PROBLEM TO SOLVE:
Give back an exact copy of the lines in the records below, from the line that has "J. J. CALE Special" through the line that has "Peut inclure: Texte", and nothing besides.

EXERCISE MATERIALS:
>>>

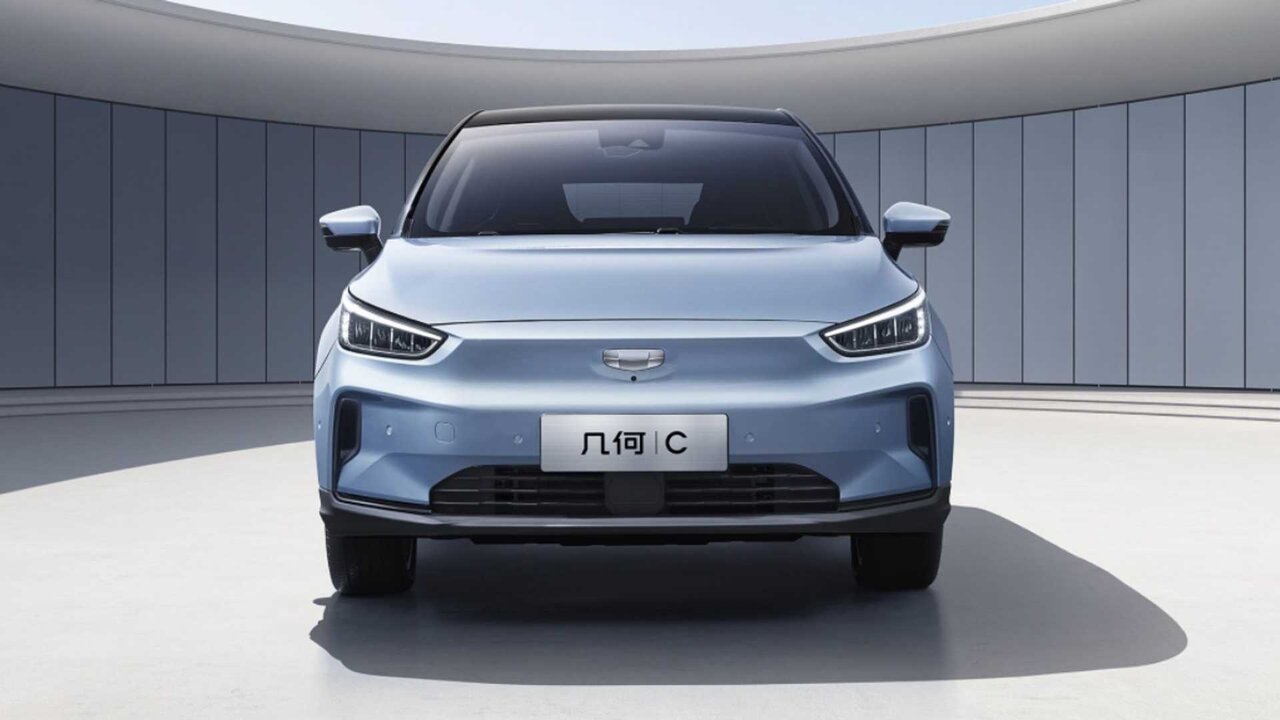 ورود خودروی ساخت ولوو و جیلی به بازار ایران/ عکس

<<<
>>>

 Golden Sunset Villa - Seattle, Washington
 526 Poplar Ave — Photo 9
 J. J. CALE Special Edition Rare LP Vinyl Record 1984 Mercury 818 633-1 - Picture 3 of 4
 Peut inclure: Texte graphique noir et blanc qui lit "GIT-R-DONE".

<<<

OUTPUT FOR THIS TASK:
 J. J. CALE Special Edition Rare LP Vinyl Record 1984 Mercury 818 633-1 - Picture 3 of 4
 Peut inclure: Texte graphique noir et blanc qui lit "GIT-R-DONE".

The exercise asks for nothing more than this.